Solar heat for cool innovation
What if the sun’s heat could be harnessed to provide cooling and refrigeration for industrial processes? That’s the idea behind the innovative technology being tested as part of an EU-level project at Givaudan’s Sant Celoni site in Spain.
As the planet gets hotter, the demand for cooling is growing. Solar heat offers an energy-efficient way to power industry’s needs for cooling and refrigeration. The challenge is developing the technology that will be able to efficiently and reliably respond to variable needs across a range of processes and sites.

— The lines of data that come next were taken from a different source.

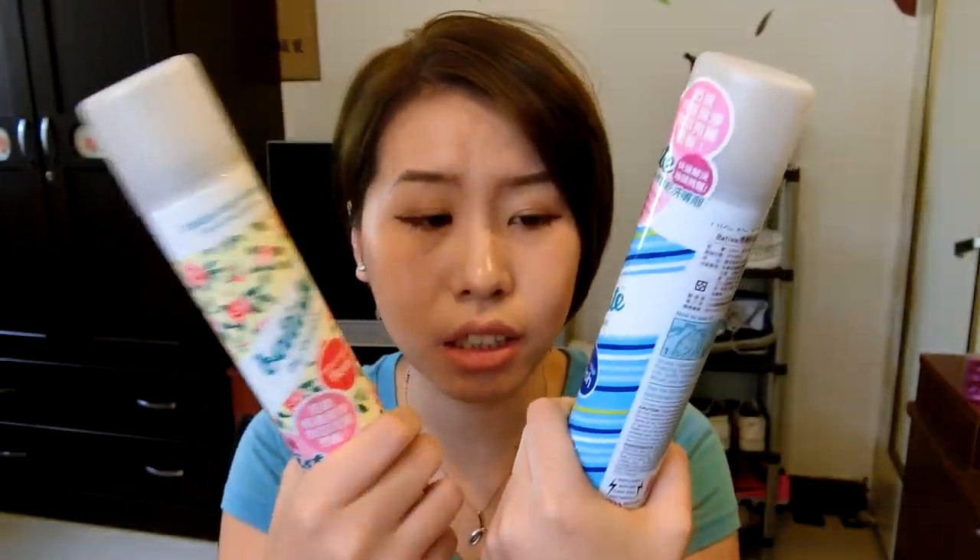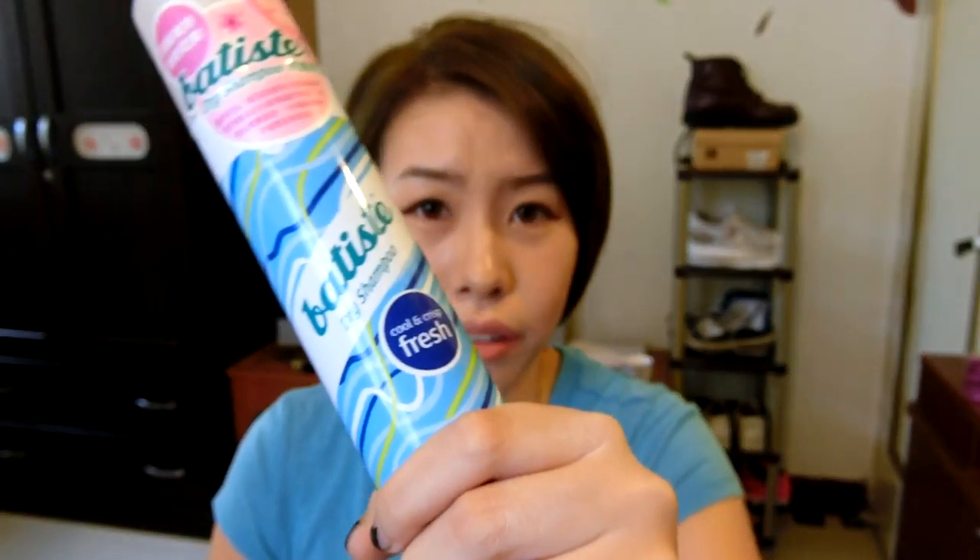Now you guys have seen the results on how it has performed on my hair. It comes with a lot of different scents, but this one is my favorite scent. It's not that sweet and it doesn't have the floral scent either, so it's pretty good for boys and girls. If you guys want to try this dry shampoo at first but you don't want a very strong scent, then I would strongly recommend you guys to try this scent. This other one, on the other hand, is the floral one which I just used to demonstrate to you guys. It kind of has a stronger scent, so I would not recommend it to people if you are going to try this kind of dry shampoo for the first time.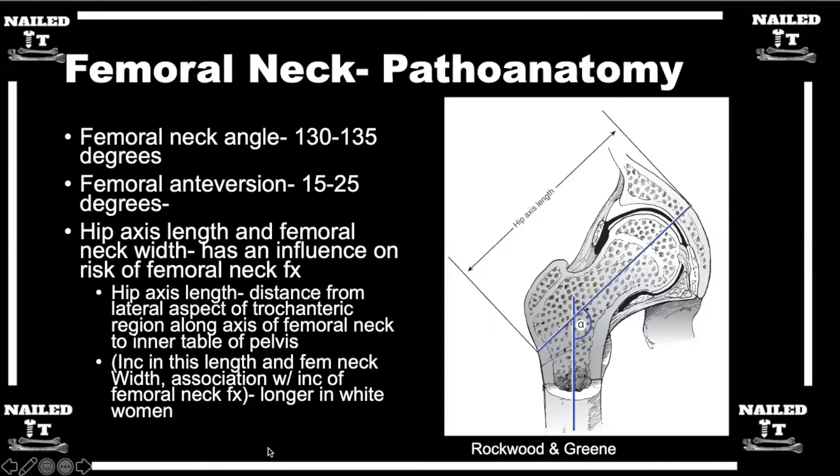Another important consideration is anteversion. The femoral head is anteverted — it's supposed to be that way. If you're fixing a fracture and looking at your lateral view and you don't see that anteversion, you don't see a good anterior scallop on your femoral neck, then you've probably mal-reduced the femoral neck. It's really important to think about that. To help assess version and varus/valgus, look at where the head is in relationship to the trochanters and try to match that side to side.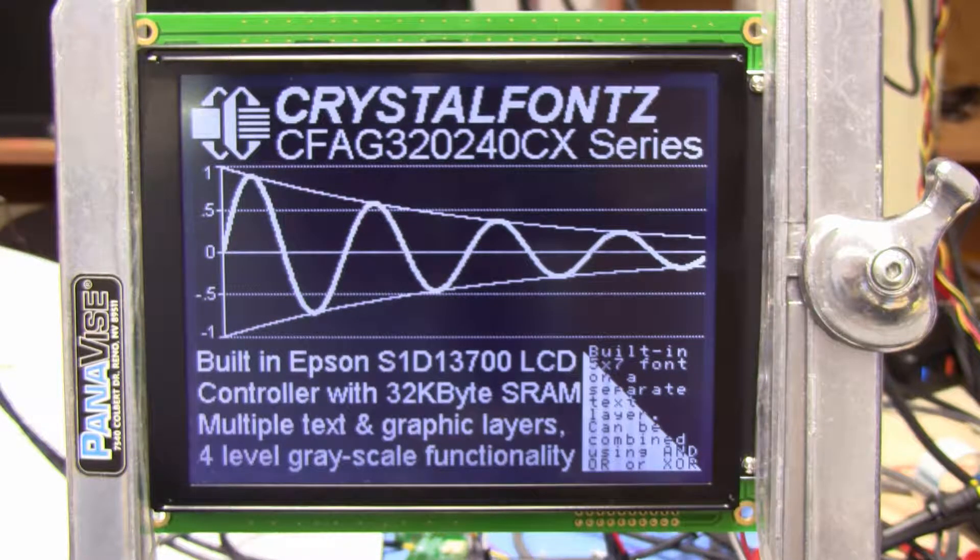This display is based on the Epson S1D13700 LCD controller — it's a pretty cool controller. It has a text layer, which you can see in the lower right of this screen, and it's showing the built-in 5x7 font. That layer is independent of the graphics.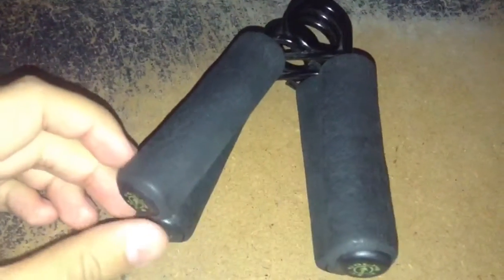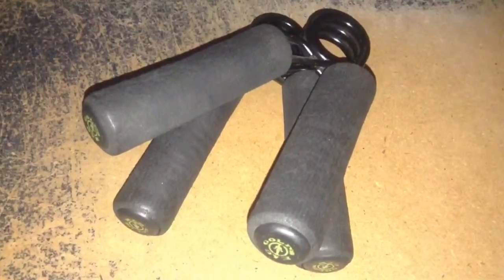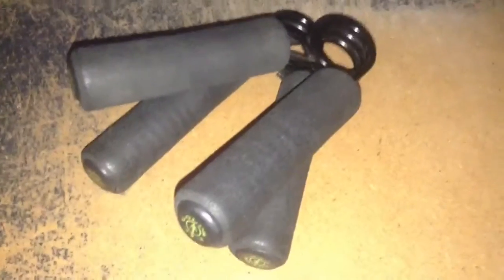If you're trying to build forearm muscle or good hand strength for your wrist, I'd recommend getting some of these because they're pretty good. They work the forearms pretty good after you keep on squeezing them like this repeatedly.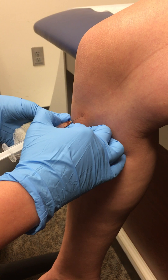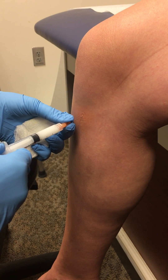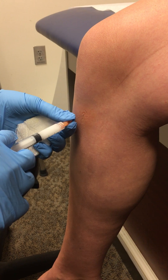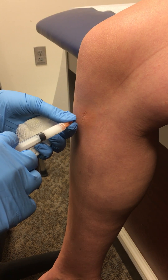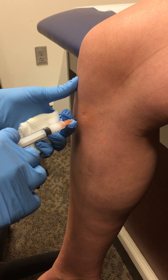I'm going all the way down until I just gently touch the periosteum, come back just a little bit, aspirate, and then slowly inject as a bolus, keeping one hand on the patient.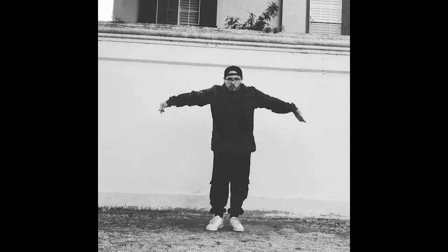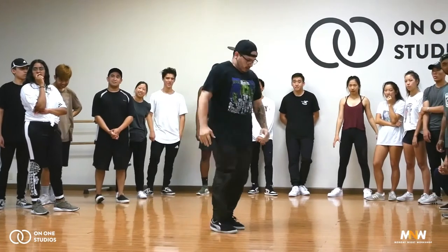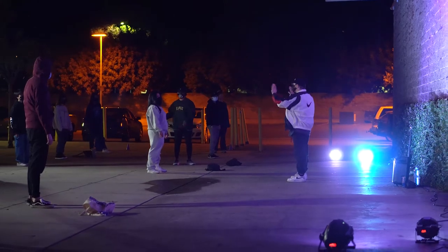My name is Daniel Gutierrez. I've been dancing freestyle and choreography mostly for the past 10 years. Started with freestyle and then got into choreography, teaching, and directing, and have been doing an accumulation of all those styles for about 10 years now.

Minimising emissions with HyCool
HyCool is the name of an innovative project being funded by the European Union to promote the use of Solar Heat in Industrial Processes (SHIP). The unique technology couples patented solar thermal collectors from Fresnex with special hybrid heat pumps from Fahrenheit with the aim of providing flexible and cost-efficient cooling systems for industrial applications. By maximising the use of renewable energy through made-in-Europe innovation, HyCool’s objective is to minimise emissions of greenhouses gasses.
According to Project Officer Daniel Maraver from INEA (Innovation and Networks Executive Agency, European Commission), the HyCool project offers a unique opportunity to bridge the gap between science, research and innovation: “It is crucial that EU academic, research and industrial sectors join forces to demonstrate that solar heat can be a reliable energy source for industrial processes. If successful, HyCool will result in significant savings in cooling processes for both primary energy and fossil fuel utilisation. To this end, it is interesting to have a mix of small and large companies in order to ensure that SMEs are ready to scale up their technology once it is validated in the project.”
The solar thermal collectors are designed with long, narrow mirror strips which pivot with the sun to concentrate heat to a water pipe and produce steam; the heat is then transferred to the hybrid heat pump which transforms it to generate cooling. Thanks to the modular concept, the solar panels can be fitted to existing industrial rooftops, making the installation cost-effective as well as energy-efficient.
“We are excited to be hosting the pilot site at our fragrances ingredients production facility in Sant Celoni, Spain, and collecting data on energy efficiency in order to maximise the potential of HyCool technology for our industry. In chemical production, our needs for heating and cooling are highly variable depending on the season and production schedule so it will be interesting for us to test the flexibility of the system.”
Further reduction in carbon footprint
The technology is particularly attractive for Givaudan given its ambitious target of 100% renewable electricity by 2025. While the Company already achieved 58% of its renewable electricity goal as of the end of 2017, every little bit helps, as Jean explains: “Every industrial site needs heating and refrigeration, and this combination of technology is highly relevant for our sites in sunny locations like Egypt, South Africa, Mexico and the USA. At full scale, we anticipate that HyCool will enable Givaudan to reduce our electricity consumption by 25% and natural gas by 6%, which adds up to a 7% reduction in our carbon footprint.”
The EU-level project brings together a consortium of 16 partners in diverse fields from engineering and project management to standardisation and research. For Jean, HyCool is a unique opportunity to combine Givaudan’s drive for innovation with the expertise of leading global energy and utilities experts.
“We invest substantially in R&D within Givaudan – it’s part of our DNA. This project is particularly exciting as we have a chance to partner with experts from diverse fields in finding new ways to improve our environmental performance.”
Participating in the HyCool project is fully in line with Givaudan’s commitment to achieve stringent reduction targets for greenhouse gas (GHG) emissions along with water, waste and energy. As part of its framework sustainability approach, A Sense of Tomorrow, the Company is working to continuously improve operational processes and reduce its global environmental footprint – from rationalising logistics, to finding new ways of working to reduce water consumption and working with white biotechnology and a circular economy model.